The Northeastern Aukštaitijan (NEA) sub-dialect area analysed in this paper is traditionally characterised by numerous linguistic and cultural links. For a relatively long time, people of different nationalities (Lithuanian, Latvian, Polish, Russian, Jewish), speaking their own ethnic languages, lived in this area side by side.
After analysing the available data, one can state that, in the early twenty-first century, the Lithuanian language occupies the position of the strongest language variety in all the subdialect areas under discussion. For various socio-cultural reasons, local Slavs adopt the local (but usually not standard) variety of the Lithuanian language and, when speaking Lithuanian, they retain some of the less noticeable characteristics of their native languages.

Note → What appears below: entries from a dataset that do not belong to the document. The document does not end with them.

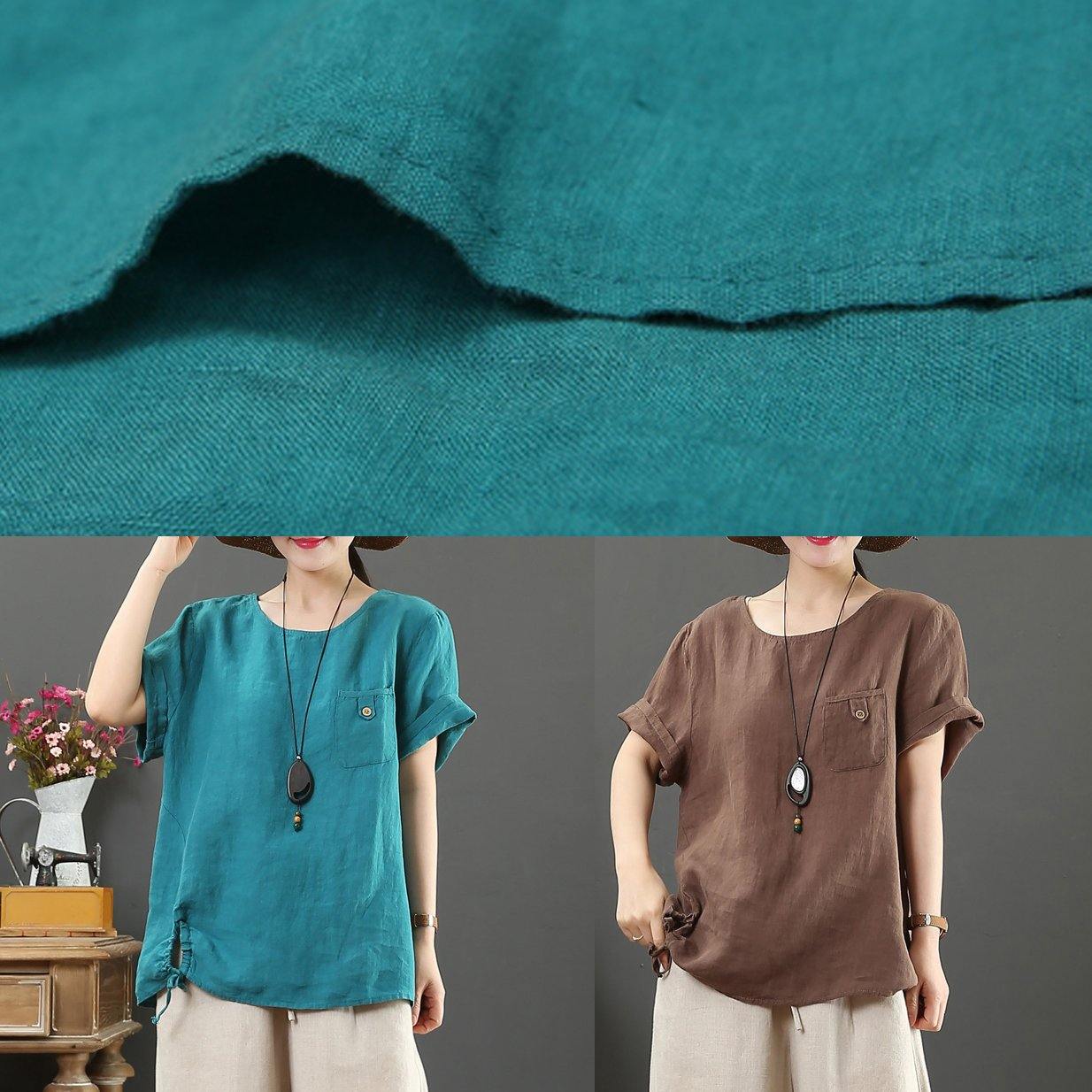 Italian blue linen clothes For Women o neck pockets Plus Size Clothing summer tops - SooLinen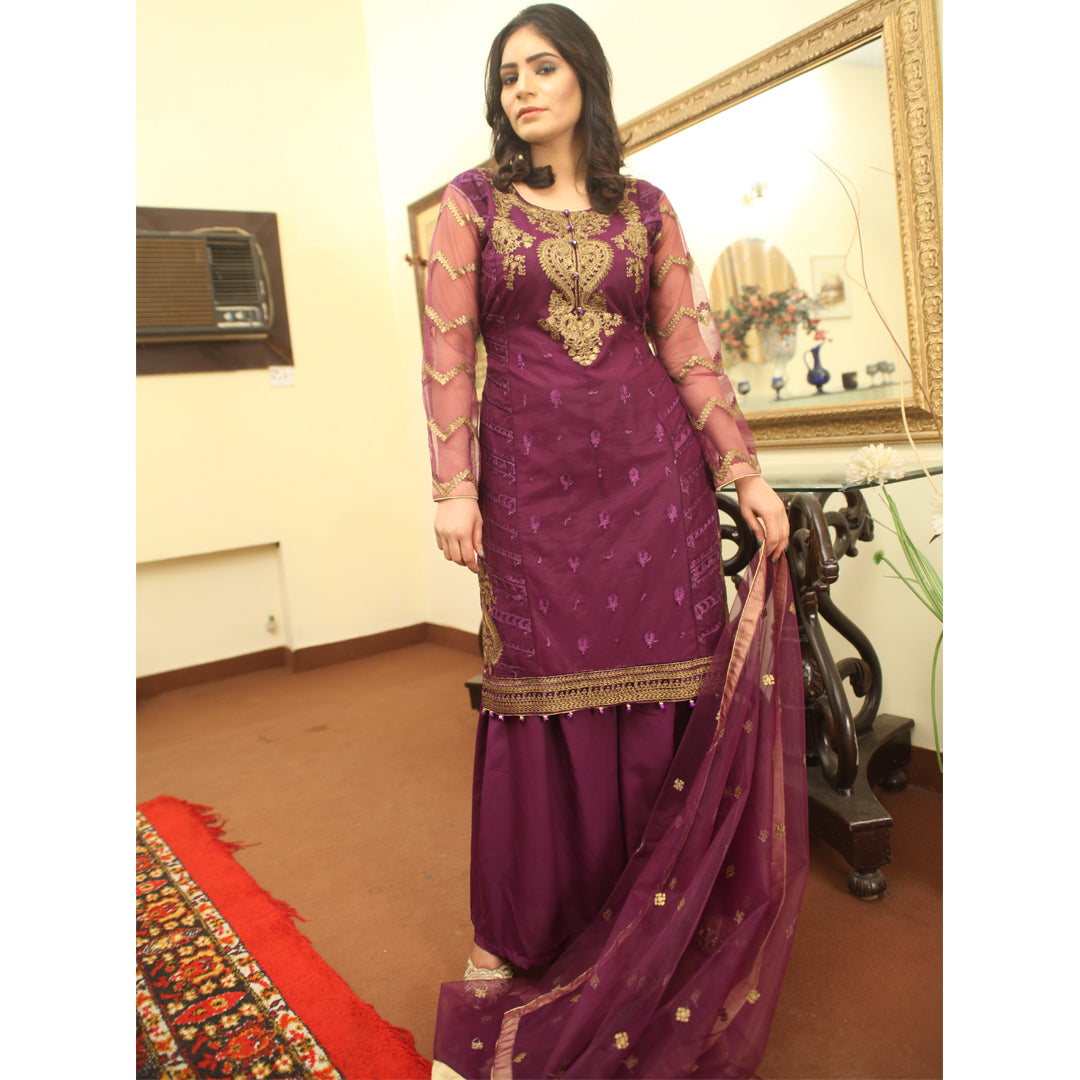 Purple Embroidery Suit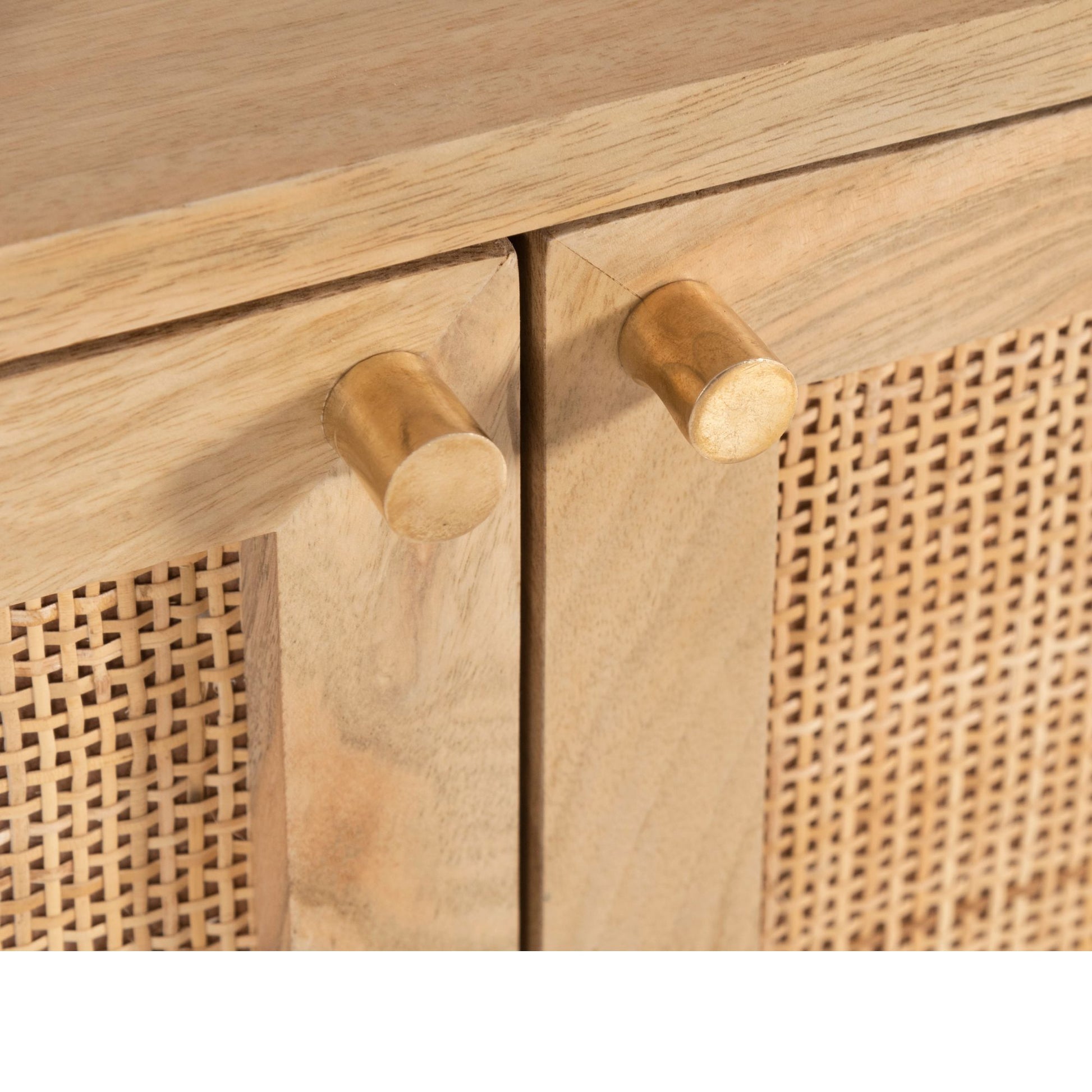 Olearia  Buffet Table 100cm 2 Door Solid Mango Wood Storage Cabinet Natural - Cosy Abode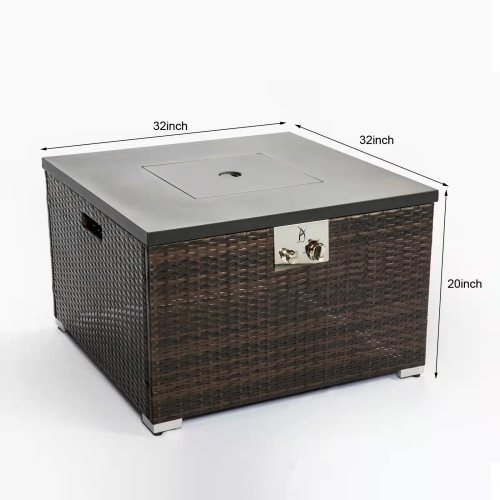 Mesa de fogata de gas cuadrada de mimbre marrón oscuro para exteriores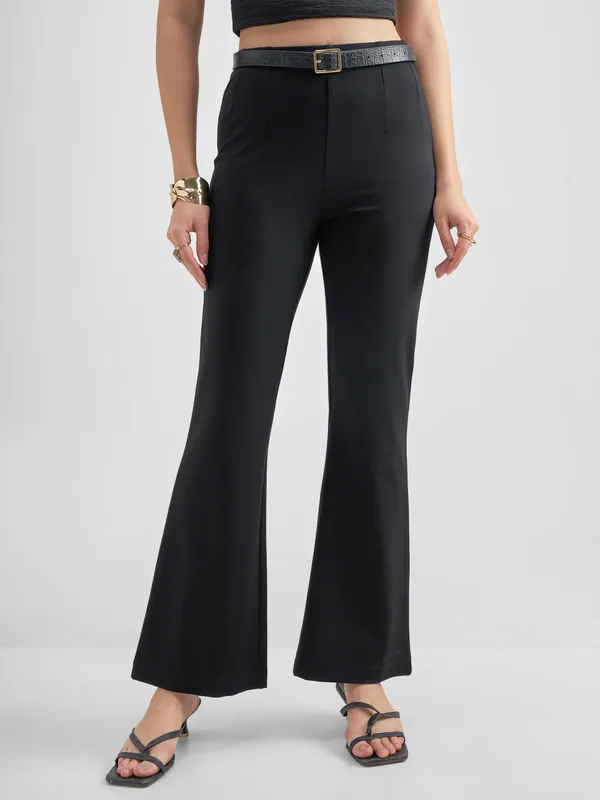 Tokyo Talkies Women Black Solid Bootcut Regular Trouser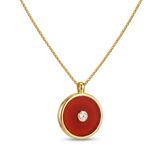 Carnelian & Diamond Motif Pendant 18K Yellow Gold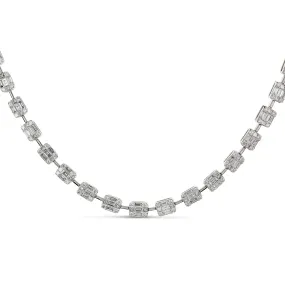 Classic Multi Shape Diamond Necklace | White Gold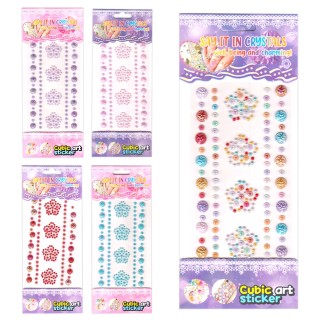 Наклейка декоративные стразы "Узор", 9*15см, mix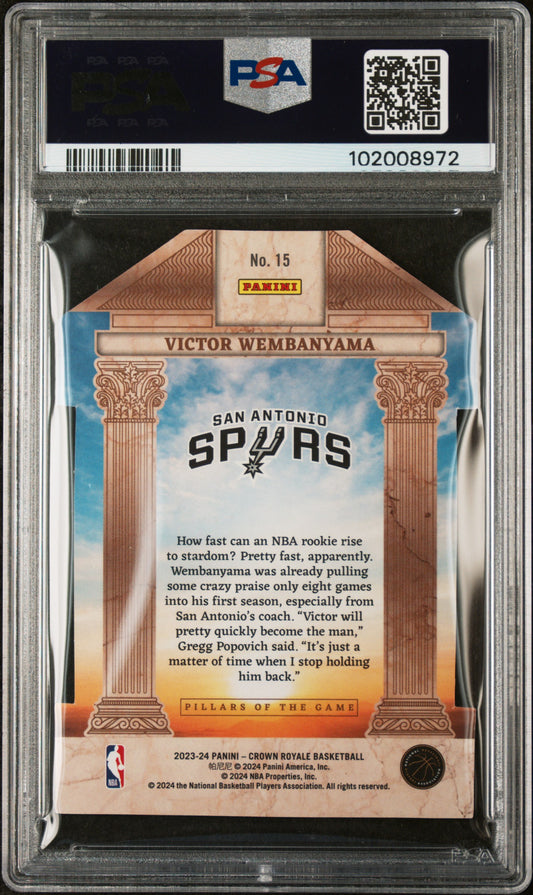 2023 Panini Crown Royale Pillars Of The Game Victor Wembanyama #15 PSA 8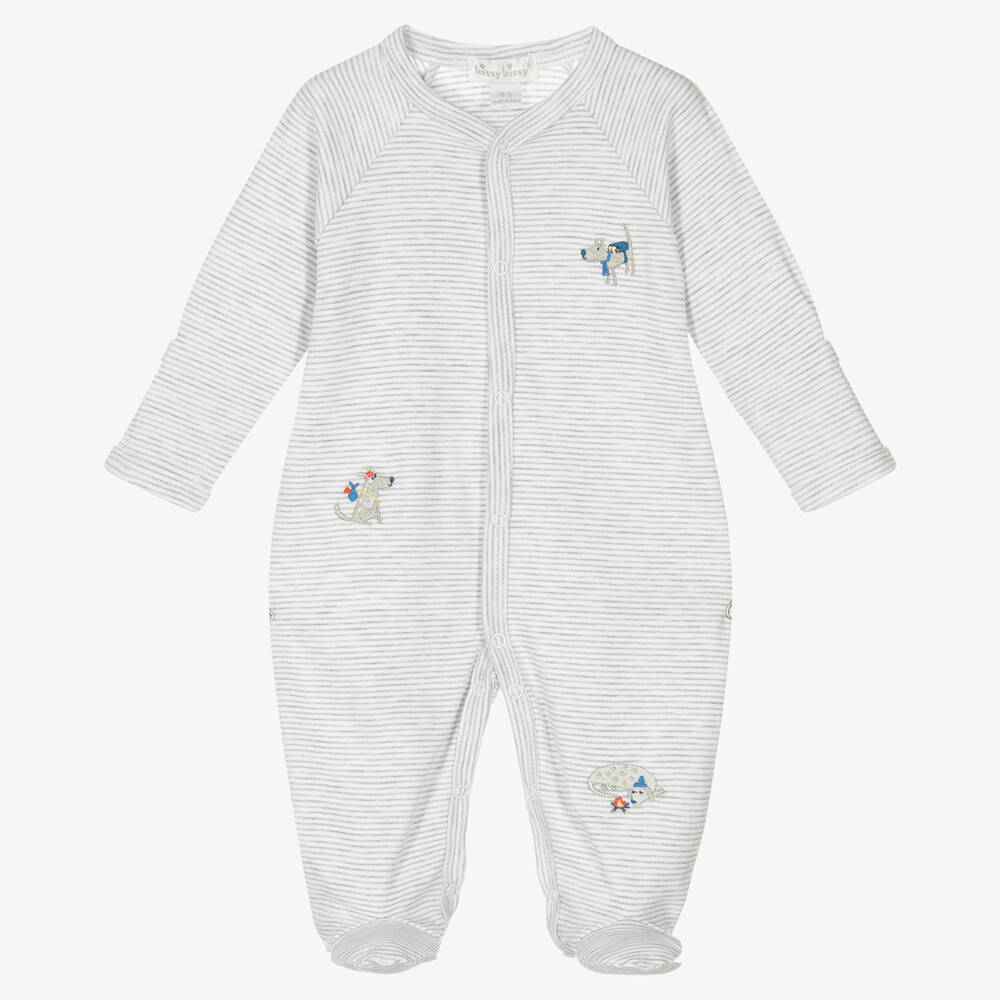 Kissy Kissy - Grey Striped Pups On The Go Babygrow | Childrensalon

The loss of language as one of the main indicators of national identity is a gradual process: from the active use by the rural community, it proceeds to the home/family domain, and finally, to the last phase of use: the internal language.
Since Slavic speakers have very limited opportunities to develop social contacts locally in their mother tongues, Russian-speaking members of local communities get intensively integrated into the local Lithuanian-speaking community.
Thus, it can be predicted that the Russian-language islands at Papilỹs and Vabalniñkas subdialect areas may disappear quite quickly. In the early twenty-first century, the Antašavà (Dar̃šiškiai) subdialect area is to be considered linguistically homogeneous: it is dominated by the Lithuanian language regiolect.